I actually don’t mind fixing my own appliances. Plus, I am not interesting is filling up the local landfills with appliances that could be fixed at a relative cheap price. Cars, forget it, those get worked on by mechanics, they are computers on wheels. 


Sent from my iPad using Tapatalk Pro


----------



## personofinterest

Ikaika said:


> I actually don’t mind fixing my own appliances. Plus, I am not interesting is filling up the local landfills with appliances that could be fixed at a relative cheap price. Cars, forget it, those get worked on by mechanics, they are computers on wheels.
> 
> 
> Sent from my iPad using Tapatalk Pro


LOL we all have different strengths. My hubby can do wonders with a car, but if an appliance or something electrical is awry, he gets help or calls a repair man. Although he can do just about any non-electrical fix needed. I admit I find it "manly."


----------



## Ragnar Ragnasson

Does it count that I fixed the stove in a pair of cut-offs and no shirt, putting on the old tool belt and having at it?

It did with my dear W.

After supper I was propositioned and had to play my part.

Quite happily 😍😍😍


----------



## NobodySpecial

Ragnar Ragnasson said:


> Does it count that I fixed the stove in a pair of cut-offs and no shirt, putting on the old tool belt and having at it?
> 
> It did with my dear W.
> 
> After supper I was propositioned and had to play my part.
> 
> Quite happily 😍😍😍


OMG. Toolbelt.


----------



## bobsmith

^^ Not even sure what happened to the original topic. I will watch my step so as not to offend. Ikaika mentions no fixing cars because they are "computers on wheels", and POI says her man "can do wonders with a car" but "something electrical is awry, he gets help". 

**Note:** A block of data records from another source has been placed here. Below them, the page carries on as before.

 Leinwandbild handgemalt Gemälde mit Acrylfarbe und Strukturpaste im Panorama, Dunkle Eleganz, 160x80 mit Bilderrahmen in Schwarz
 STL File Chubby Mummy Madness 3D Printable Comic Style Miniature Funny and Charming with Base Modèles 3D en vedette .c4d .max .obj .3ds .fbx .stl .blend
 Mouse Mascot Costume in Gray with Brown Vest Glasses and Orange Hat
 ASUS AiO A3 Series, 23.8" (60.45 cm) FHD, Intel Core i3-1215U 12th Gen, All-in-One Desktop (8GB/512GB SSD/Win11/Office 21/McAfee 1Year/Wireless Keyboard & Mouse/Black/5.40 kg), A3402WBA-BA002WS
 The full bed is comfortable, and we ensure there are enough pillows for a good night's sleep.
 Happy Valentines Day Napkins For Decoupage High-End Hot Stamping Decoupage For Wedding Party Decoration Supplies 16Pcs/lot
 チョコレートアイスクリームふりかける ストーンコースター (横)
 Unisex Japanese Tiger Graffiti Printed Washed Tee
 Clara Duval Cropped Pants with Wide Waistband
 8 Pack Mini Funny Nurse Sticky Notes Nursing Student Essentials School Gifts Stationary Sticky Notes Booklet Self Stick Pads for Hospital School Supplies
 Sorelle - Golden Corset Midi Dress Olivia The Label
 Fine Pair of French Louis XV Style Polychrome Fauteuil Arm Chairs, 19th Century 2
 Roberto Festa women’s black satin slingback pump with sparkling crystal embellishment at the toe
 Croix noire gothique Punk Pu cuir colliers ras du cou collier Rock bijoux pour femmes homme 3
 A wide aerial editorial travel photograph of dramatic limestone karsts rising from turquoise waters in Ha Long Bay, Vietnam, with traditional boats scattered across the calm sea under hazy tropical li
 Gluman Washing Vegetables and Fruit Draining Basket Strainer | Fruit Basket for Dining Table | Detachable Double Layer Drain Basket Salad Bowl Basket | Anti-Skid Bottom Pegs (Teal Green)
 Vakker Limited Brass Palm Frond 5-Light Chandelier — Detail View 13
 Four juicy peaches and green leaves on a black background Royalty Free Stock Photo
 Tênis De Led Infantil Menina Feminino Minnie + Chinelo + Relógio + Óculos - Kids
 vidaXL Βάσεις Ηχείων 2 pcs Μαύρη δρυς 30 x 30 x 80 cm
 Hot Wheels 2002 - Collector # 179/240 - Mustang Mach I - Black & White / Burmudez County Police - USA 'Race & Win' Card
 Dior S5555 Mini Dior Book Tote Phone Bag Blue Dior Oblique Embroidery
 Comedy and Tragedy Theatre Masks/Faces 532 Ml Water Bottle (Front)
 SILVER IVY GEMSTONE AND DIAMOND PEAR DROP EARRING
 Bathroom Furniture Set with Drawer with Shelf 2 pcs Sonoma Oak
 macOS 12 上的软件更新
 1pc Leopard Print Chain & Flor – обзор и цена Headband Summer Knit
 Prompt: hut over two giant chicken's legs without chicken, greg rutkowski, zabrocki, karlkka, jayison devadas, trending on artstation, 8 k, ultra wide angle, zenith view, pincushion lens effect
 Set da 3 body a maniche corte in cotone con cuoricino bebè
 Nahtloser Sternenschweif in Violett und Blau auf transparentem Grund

This is a part of my brain I cannot stand, cannot ignore it... I have never called ANYONE to fix anything in my life and I live a VERY diverse electrical and mechanical life. 

Ikaika is correct, nearly every system in a car today is either electric or monitored by electrics. Absolutely zero way for someone to be good with cars but suck at electronics. That limits you to about changing the oil and fixing a flat. car OEMs for years have been moving things in a direction where NO ONE can repair them without a dealer. The only reason is dealers are given the "keys" to fixing them, not because they are better. 

The newest vehicles now have encrypted ECMs (engine control module) so all but the very best hackers in the world cannot make computer adjustments. That is not life shattering because there are very few times you really need to reflash an ECM or change the parameters, but OEMs want to limit the "oreilly bandits".....

Not trying to generate an argument but nearly all complex systems are overlaid with complex electronics. Even HVAC in a home is going to at least have a PCB with solid states onboard for general switching, flame sensors, etc. Most are relatively easy to repair though on that front.


----------



## Andy1001

bobsmith said:


> ^^ Not even sure what happened to the original topic. I will watch my step so as not to offend. Ikaika mentions no fixing cars because they are "computers on wheels", and POI says her man "can do wonders with a car" but "something electrical is awry, he gets help".
> 
> This is a part of my brain I cannot stand, cannot ignore it... I have never called ANYONE to fix anything in my life and I live a VERY diverse electrical and mechanical life.
> 
> Ikaika is correct, nearly every system in a car today is either electric or monitored by electrics. Absolutely zero way for someone to be good with cars but suck at electronics. That limits you to about changing the oil and fixing a flat. car OEMs for years have been moving things in a direction where NO ONE can repair them without a dealer. The only reason is dealers are given the "keys" to fixing them, not because they are better.
> 
> The newest vehicles now have encrypted ECMs (engine control module) so all but the very best hackers in the world cannot make computer adjustments. That is not life shattering because there are very few times you really need to reflash an ECM or change the parameters, but OEMs want to limit the "oreilly bandits".....
> 
> Not trying to generate an argument but nearly all complex systems are overlaid with complex electronics. Even HVAC in a home is going to at least have a PCB with solid states onboard for general switching, flame sensors, etc. Most are relatively easy to repair though on that front.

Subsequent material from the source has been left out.